▸ About this exercise
In full and without alteration, write out the data below.

──────── Dataset records ────────

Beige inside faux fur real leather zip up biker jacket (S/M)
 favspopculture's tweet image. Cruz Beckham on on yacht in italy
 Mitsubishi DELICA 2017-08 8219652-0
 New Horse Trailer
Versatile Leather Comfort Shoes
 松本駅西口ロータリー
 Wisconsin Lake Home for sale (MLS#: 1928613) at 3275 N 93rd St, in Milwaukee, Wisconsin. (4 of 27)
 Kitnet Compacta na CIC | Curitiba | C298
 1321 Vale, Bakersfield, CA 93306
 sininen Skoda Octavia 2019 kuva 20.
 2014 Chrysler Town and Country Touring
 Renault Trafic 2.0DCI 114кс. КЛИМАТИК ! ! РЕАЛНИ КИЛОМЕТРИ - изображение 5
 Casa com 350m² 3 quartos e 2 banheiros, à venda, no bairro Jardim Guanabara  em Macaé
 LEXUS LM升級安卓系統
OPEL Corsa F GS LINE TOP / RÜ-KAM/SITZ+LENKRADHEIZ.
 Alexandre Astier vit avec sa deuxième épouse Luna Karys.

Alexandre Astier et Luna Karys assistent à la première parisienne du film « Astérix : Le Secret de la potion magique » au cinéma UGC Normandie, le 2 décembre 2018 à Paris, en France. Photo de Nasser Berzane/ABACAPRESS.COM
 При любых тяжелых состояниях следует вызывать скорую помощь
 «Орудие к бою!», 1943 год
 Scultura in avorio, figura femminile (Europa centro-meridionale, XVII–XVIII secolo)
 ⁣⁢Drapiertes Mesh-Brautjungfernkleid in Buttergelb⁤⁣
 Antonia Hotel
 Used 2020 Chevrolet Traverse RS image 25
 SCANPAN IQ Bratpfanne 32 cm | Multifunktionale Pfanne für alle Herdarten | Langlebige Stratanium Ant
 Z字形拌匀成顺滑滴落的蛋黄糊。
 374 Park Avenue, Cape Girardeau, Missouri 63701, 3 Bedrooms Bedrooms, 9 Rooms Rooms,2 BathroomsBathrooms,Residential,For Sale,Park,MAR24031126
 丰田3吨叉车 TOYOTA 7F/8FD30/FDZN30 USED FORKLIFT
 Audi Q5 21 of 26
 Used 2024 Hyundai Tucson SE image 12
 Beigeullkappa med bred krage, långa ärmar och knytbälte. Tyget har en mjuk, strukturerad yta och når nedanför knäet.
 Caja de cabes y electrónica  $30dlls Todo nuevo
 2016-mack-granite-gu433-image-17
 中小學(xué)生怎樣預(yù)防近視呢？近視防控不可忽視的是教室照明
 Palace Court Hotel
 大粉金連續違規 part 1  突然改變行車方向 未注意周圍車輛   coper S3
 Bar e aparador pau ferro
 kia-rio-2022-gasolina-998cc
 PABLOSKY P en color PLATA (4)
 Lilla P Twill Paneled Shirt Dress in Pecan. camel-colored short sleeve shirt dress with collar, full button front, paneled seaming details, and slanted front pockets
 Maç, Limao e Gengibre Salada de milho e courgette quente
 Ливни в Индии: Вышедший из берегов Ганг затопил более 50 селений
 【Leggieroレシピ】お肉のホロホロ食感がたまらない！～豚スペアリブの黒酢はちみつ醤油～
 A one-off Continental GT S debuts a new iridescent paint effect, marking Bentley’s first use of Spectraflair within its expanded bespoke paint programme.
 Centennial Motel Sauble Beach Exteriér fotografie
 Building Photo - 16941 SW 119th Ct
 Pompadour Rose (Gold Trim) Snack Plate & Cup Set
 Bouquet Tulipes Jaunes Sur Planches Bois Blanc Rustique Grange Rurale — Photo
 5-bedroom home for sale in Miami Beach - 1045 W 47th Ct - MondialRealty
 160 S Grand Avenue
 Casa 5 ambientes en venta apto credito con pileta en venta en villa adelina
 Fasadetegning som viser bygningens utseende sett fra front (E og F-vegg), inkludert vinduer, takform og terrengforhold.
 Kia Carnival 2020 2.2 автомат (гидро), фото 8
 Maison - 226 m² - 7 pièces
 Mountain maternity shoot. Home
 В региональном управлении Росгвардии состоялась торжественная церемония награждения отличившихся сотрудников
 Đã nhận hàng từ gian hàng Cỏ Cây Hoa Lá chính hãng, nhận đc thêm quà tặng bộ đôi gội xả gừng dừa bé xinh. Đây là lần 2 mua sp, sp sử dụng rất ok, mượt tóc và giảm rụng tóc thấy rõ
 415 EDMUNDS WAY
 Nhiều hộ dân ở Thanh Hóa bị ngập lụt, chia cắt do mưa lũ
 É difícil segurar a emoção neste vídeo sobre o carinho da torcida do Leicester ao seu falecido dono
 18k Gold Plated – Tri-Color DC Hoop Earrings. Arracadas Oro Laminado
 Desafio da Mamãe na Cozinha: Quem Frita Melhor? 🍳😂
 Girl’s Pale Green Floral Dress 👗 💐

────────

▸ Written answer
Beige inside faux fur real leather zip up biker jacket (S/M)
 favspopculture's tweet image. Cruz Beckham on on yacht in italy
 Mitsubishi DELICA 2017-08 8219652-0
 New Horse Trailer
Versatile Leather Comfort Shoes
 松本駅西口ロータリー
 Wisconsin Lake Home for sale (MLS#: 1928613) at 3275 N 93rd St, in Milwaukee, Wisconsin. (4 of 27)
 Kitnet Compacta na CIC | Curitiba | C298
 1321 Vale, Bakersfield, CA 93306
 sininen Skoda Octavia 2019 kuva 20.
 2014 Chrysler Town and Country Touring
 Renault Trafic 2.0DCI 114кс. КЛИМАТИК ! ! РЕАЛНИ КИЛОМЕТРИ - изображение 5
 Casa com 350m² 3 quartos e 2 banheiros, à venda, no bairro Jardim Guanabara  em Macaé
 LEXUS LM升級安卓系統
OPEL Corsa F GS LINE TOP / RÜ-KAM/SITZ+LENKRADHEIZ.
 Alexandre Astier vit avec sa deuxième épouse Luna Karys.

Alexandre Astier et Luna Karys assistent à la première parisienne du film « Astérix : Le Secret de la potion magique » au cinéma UGC Normandie, le 2 décembre 2018 à Paris, en France. Photo de Nasser Berzane/ABACAPRESS.COM
 При любых тяжелых состояниях следует вызывать скорую помощь
 «Орудие к бою!», 1943 год
 Scultura in avorio, figura femminile (Europa centro-meridionale, XVII–XVIII secolo)
 ⁣⁢Drapiertes Mesh-Brautjungfernkleid in Buttergelb⁤⁣
 Antonia Hotel
 Used 2020 Chevrolet Traverse RS image 25
 SCANPAN IQ Bratpfanne 32 cm | Multifunktionale Pfanne für alle Herdarten | Langlebige Stratanium Ant
 Z字形拌匀成顺滑滴落的蛋黄糊。
 374 Park Avenue, Cape Girardeau, Missouri 63701, 3 Bedrooms Bedrooms, 9 Rooms Rooms,2 BathroomsBathrooms,Residential,For Sale,Park,MAR24031126
 丰田3吨叉车 TOYOTA 7F/8FD30/FDZN30 USED FORKLIFT
 Audi Q5 21 of 26
 Used 2024 Hyundai Tucson SE image 12
 Beigeullkappa med bred krage, långa ärmar och knytbälte. Tyget har en mjuk, strukturerad yta och når nedanför knäet.
 Caja de cabes y electrónica  $30dlls Todo nuevo
 2016-mack-granite-gu433-image-17
 中小學(xué)生怎樣預(yù)防近視呢？近視防控不可忽視的是教室照明
 Palace Court Hotel
 大粉金連續違規 part 1  突然改變行車方向 未注意周圍車輛   coper S3
 Bar e aparador pau ferro
 kia-rio-2022-gasolina-998cc
 PABLOSKY P en color PLATA (4)
 Lilla P Twill Paneled Shirt Dress in Pecan. camel-colored short sleeve shirt dress with collar, full button front, paneled seaming details, and slanted front pockets
 Maç, Limao e Gengibre Salada de milho e courgette quente
 Ливни в Индии: Вышедший из берегов Ганг затопил более 50 селений
 【Leggieroレシピ】お肉のホロホロ食感がたまらない！～豚スペアリブの黒酢はちみつ醤油～
 A one-off Continental GT S debuts a new iridescent paint effect, marking Bentley’s first use of Spectraflair within its expanded bespoke paint programme.
 Centennial Motel Sauble Beach Exteriér fotografie
 Building Photo - 16941 SW 119th Ct
 Pompadour Rose (Gold Trim) Snack Plate & Cup Set
 Bouquet Tulipes Jaunes Sur Planches Bois Blanc Rustique Grange Rurale — Photo
 5-bedroom home for sale in Miami Beach - 1045 W 47th Ct - MondialRealty
 160 S Grand Avenue
 Casa 5 ambientes en venta apto credito con pileta en venta en villa adelina
 Fasadetegning som viser bygningens utseende sett fra front (E og F-vegg), inkludert vinduer, takform og terrengforhold.
 Kia Carnival 2020 2.2 автомат (гидро), фото 8
 Maison - 226 m² - 7 pièces
 Mountain maternity shoot. Home
 В региональном управлении Росгвардии состоялась торжественная церемония награждения отличившихся сотрудников
 Đã nhận hàng từ gian hàng Cỏ Cây Hoa Lá chính hãng, nhận đc thêm quà tặng bộ đôi gội xả gừng dừa bé xinh. Đây là lần 2 mua sp, sp sử dụng rất ok, mượt tóc và giảm rụng tóc thấy rõ
 415 EDMUNDS WAY
 Nhiều hộ dân ở Thanh Hóa bị ngập lụt, chia cắt do mưa lũ
 É difícil segurar a emoção neste vídeo sobre o carinho da torcida do Leicester ao seu falecido dono
 18k Gold Plated – Tri-Color DC Hoop Earrings. Arracadas Oro Laminado
 Desafio da Mamãe na Cozinha: Quem Frita Melhor? 🍳😂
 Girl’s Pale Green Floral Dress 👗 💐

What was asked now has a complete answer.